What is the Mujahedeen-e Khalq?

(Note: See Ken Hechtman’s further information on the MEK, below.)

That’s the organization that Daniel (“moderate Islam is the solution”) Pipes supports as the main opposition group to the Iranian regime. Pipes didn’t mention that the U.S. government has officially designated the Mujahedeen as a terrorist organization. Why is King Dan (see my Dylan take-off about him) hanging out with these people? Inquiring minds would like to know.

Iran-Interlink, formed for the purpose of exposing and opposing the Mujahedeen, has many articles. Here is general background on the Mujahedeen. Here is information on the group’s founder, whom Iran-Interlink calls a cult leader, and his daughter and successor, whom Pipes heard speak in Paris and praised for giving a speech “blessedly free” of anti-U.S. and anti-Israel statements, clearly suggesting that this is not the way she normally speaks. And here is the speech that so excited Pipes.

- end of initial entry -

Ken Hechtman writes:

The MEK is a breakaway faction of the old Iranian Communist Party. After the coup of 1953, they figured out Marxism wouldn’t sell in Iran without a green coat of paint on it, so they put one on, thin and transparent though it might be. They are no more Muslim than you are. One of the give-aways is how much they hate the Sadrists in Iraq. The Sadrists really are the Marxist-Muslim fusion that the MEK pretends to be. I may have mentioned the Quebec politician Amir Khadir in one post or another, I worked for him in the 2003 and 2007 provincial elections. Amir’s brother Omid has a seat on the MEK central committee. Omid was in town in 2004 and I got to do a 45 minute interview with him. The Mirror never published it but I still have the notes if you’re interested.

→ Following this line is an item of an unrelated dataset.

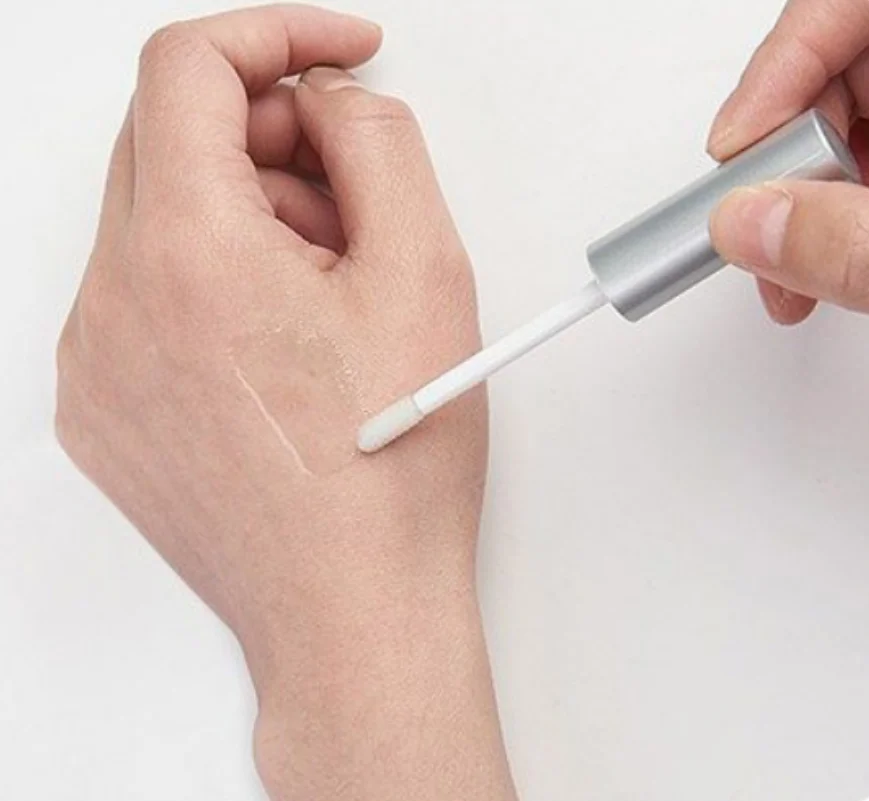 Жидкий бальзам для губ Blue &amp Red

I have to laugh a little bit at the neocons backing the MEK. The US could have had a far more conservative Iranian government for free simply by letting Mossadegh’s election stand fifty years ago. Now these small-c communists are the best deal we’re going to get.

Anna writes (June 22, posted June 25):

It is clear that what we are witnessing in Iran is not a revolution, simply an internal power struggle.

Yet, I see possibilities. Iran is a relatively well-educated society with strong pre-Islamic roots. The election results affected all voters and, therefore, gave a great mix of people (e.g. age, gender, education, occupation) a point of coalescence. The photos of the large demonstrations in the election aftermath showed a massive number of people who appeared both energized and well-behaved. The rooftop shouts of “Allahu Akbar” and “Marg Bar Diktator” seem to have a dimension beyond the mere translation of the words.

As far as an appropriate assessment of the situation by the U.S. goes, Mr. Bolton’s “cheat sheet rundown” should be on Obama’s desk. As for me, recalling reading history on these very pages of the West’s long learning curve toward good governance, I see possibilities.